JAKARTA. Upaya Kementerian Pertanian (Kemtan) memfasilitasi kerjasama antara petani jagung dengan industri pemakai jagung direspons positif oleh Kontak Tani Nelayan Andalan (KTNA). KTNA menilai kerjasama ini dapat menjadi solusi permanen mengelola tataniaga pangan yang selama ini rantainya terlalu panjang.

Ketua KTNA Winarno Tohir mengatakan, adanya kemitraan ini akan memberikan kepastian pasar dan jaminan harga yang menguntungkan petani. Pemerintah telah menetapkan harga acuan jagung di tingkat petani Rp 3.150 per kilogram (kg) dan di konsumsen Rp 2.650-Rp 2.750 per kg.

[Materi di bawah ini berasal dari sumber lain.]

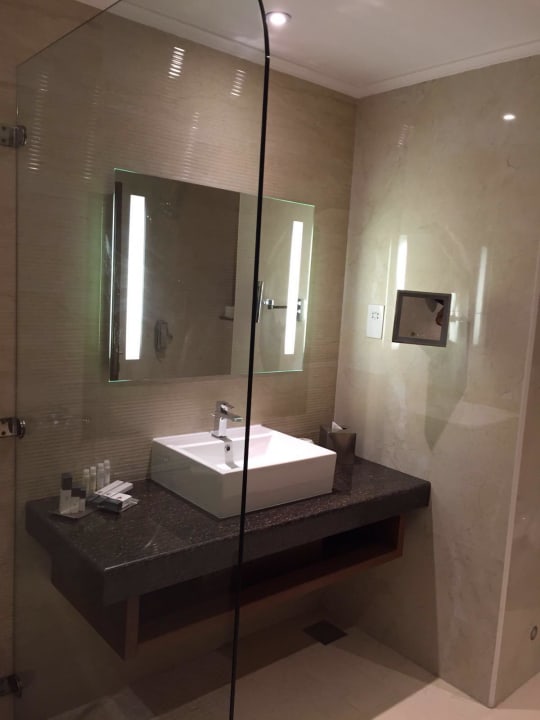 Bad in der Villa DoubleTree by Hilton Resort & Spa Marjan Island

Winarno bilang, industri pakan ternak juga wajib membina petani sehingga produksinya berkualitas. Lanjutnya, kebijakan Kemtan menekan impor jagung dapat dimanfaatkan petani dan industri untuk membangun dan meningkatkan produksi jagung lokal yang lebih berkualitas.


Ia bilang, Januari-Juli 2016, impor jagung telah turun 56%. Karena itu, ia yakin, kalau kebijakan dan program pembatasan impor jagung saat ini mendorong pengembangan produksi lokal, dan tidak ada lagi impor jagung mulai tahun depan.

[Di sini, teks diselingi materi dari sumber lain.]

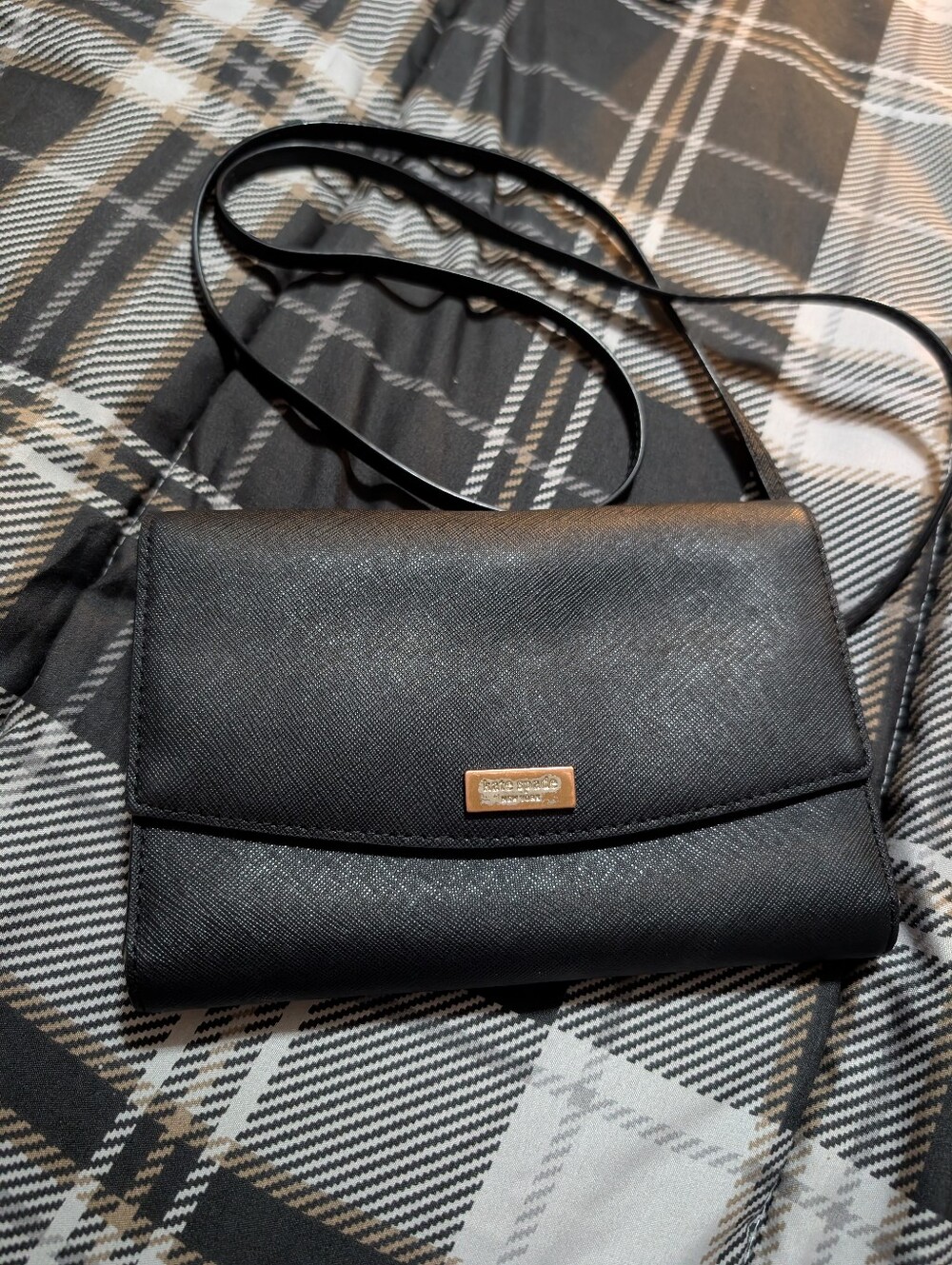Kate Spade Black Saffiano leather Envelope Crossbody Wallet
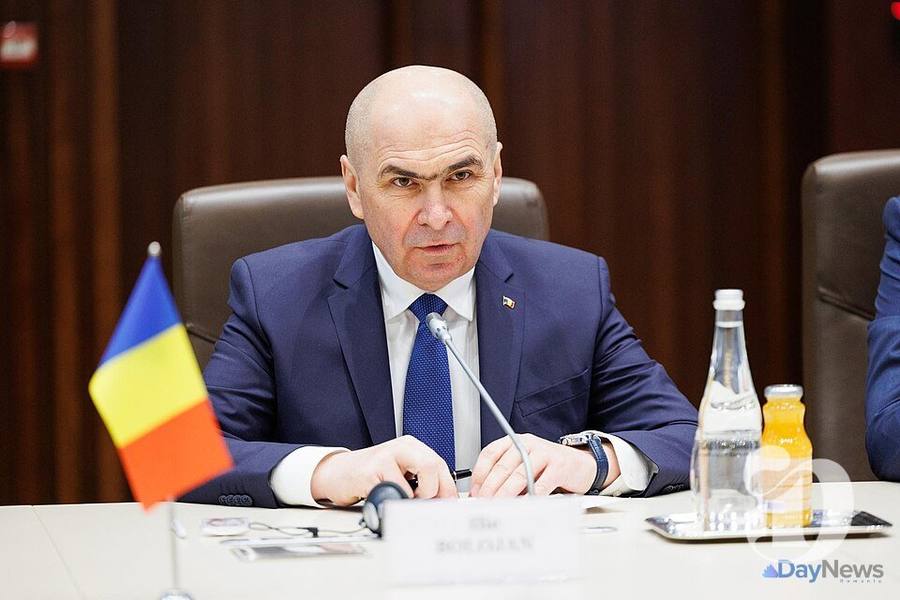 Nicușor Dan si criza politică din România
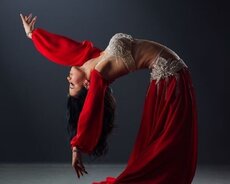 Oriental rəqqasələr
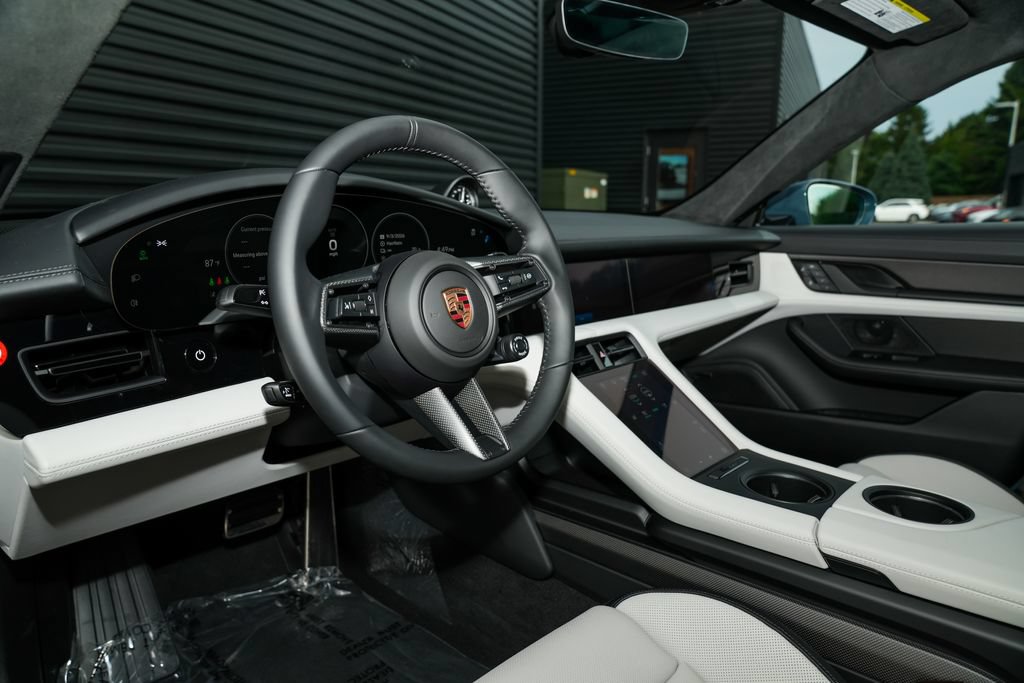 New 2026 Porsche Taycan GTS AWD/4WD image 4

"Jadi tidak benar kalau ada yang menganggap kerjasama antara petani jagung dan industri pakan ternak tidak mendorong peningkatan produksi jagung lokal, justru ini membuka pasar permanen bagi petani jagung," ujarnya, Jumat (23/9).

Ia menjelaskan, secara sistemik, Kemtan telah menyusun roadmap pembangunan pertanian komoditas jangka panjang. Pada dokumen tersebut disebutkan secara jelas, pada 2017 tidak ada impor beras, jagung, cabai dan bawang merah. Lalu, 2019 tidak impor gula konsumsi, tahun 2025 tidak impor gula industri, 2027 tidak impor daging sapi dan bahkan pada 2045 ditargetkan menjadi lumbung pangan dunia.

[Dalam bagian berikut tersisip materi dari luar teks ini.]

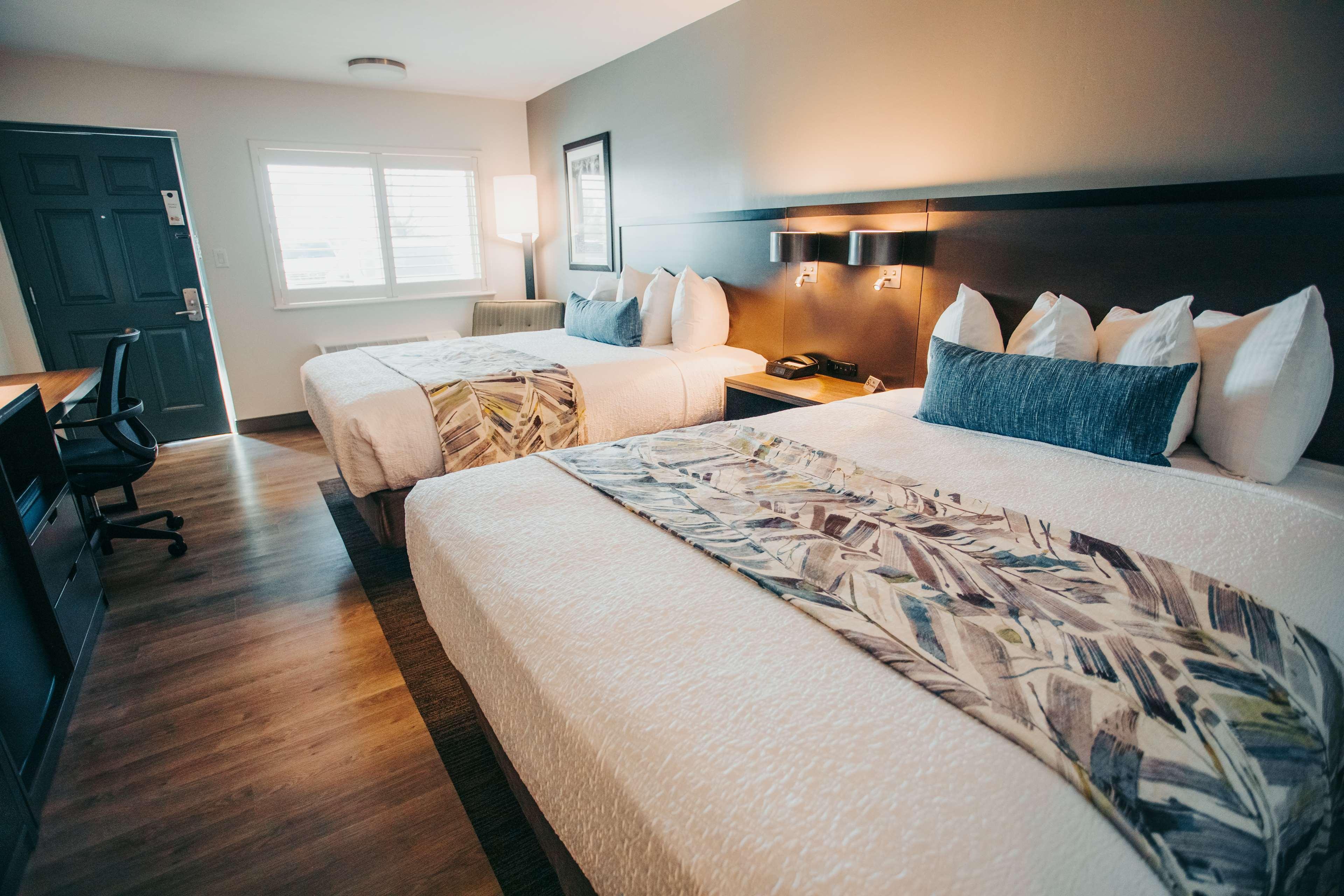 Best Western Plus Hilltop Inn Redding Ngoại thất bức ảnh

Guna mewujudkan roadmap jangka panjang, beberapa kebijakan strategis yang ditempuh. Pertama, merevisi regulasi yang menghambat. Kedua, membangun infrastruktur irigasi 3,2 juta hektar, cetak sawah dan mekanisasi secara besar-besaran alat dan mesin minimal 80 ribu unit per tahun. Ketiga, memperkuat sistem budidaya dan pasca panen. Keempat, penataan tata niaga pangan, dan kelima, mengendalikan impor dan mendorong ekspor.